Hayek disliked intellectuals, because he said they often applied intuition in a very sloppy way. Their education and articulate writing was applied using superficial reasoning, and so they were lightweights. For example, in his day, it was socialism vs. capitalism, and most intellectuals favored socialism because the simple idea that 'planning' is better than 'not planning'. There superficial application of this idea led them to a bad opinion.
I was watching Bloggingheads, and political pundits/operatives Mark Schmitt and Byron York both admit they don't know much about what is going on in this crisis, but highlight the reference 'Liar's Poker' by Michael Lewis as informing their intuition.

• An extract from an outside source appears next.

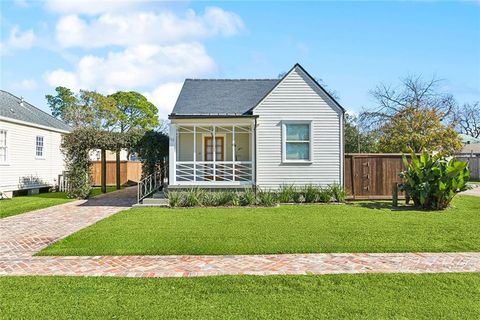 Photo of 513 ATHANIA Parkway, Metairie, LA 70001 (MLS # 2539599)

Michael Lewis is a good writer, in that he has a lot of good similes, allusions to Greek literature, and is funny. But his understanding of finance is pretty thin (he worked on wall street for all of three years). He basically argues that finance is filled with a bunch of smart but thoughtless, deceitful men, who rise to the top the way elephant seals take over a harem of cows. This is true to some degree, and it is very appealing picture to bring these people down in such a way, because it's always popular to say prominent people in field X really know nothing and are overpaid or overrespected. Unless one can highlight a key flawed assumption in the field, and what the better assumption should be, this is really shoddy commentary. But this is a 'top shelf' reference for understanding finance to a political pundit because it is a book they can understand, it talks mainly about motives and human frailties. It's as if your opinion of the electorate was based on episodes from 'All in the Family'--fun stuff, but a caricature, and and so fundamentally more wrong than the idiot being caricatured (eg, not all Republicans are bigots like Archie Bunker).
This is why I turn the channel whenever the talking heads start commenting on Fed policy, it's like listening to a celebrity's opinion on the Iraq War.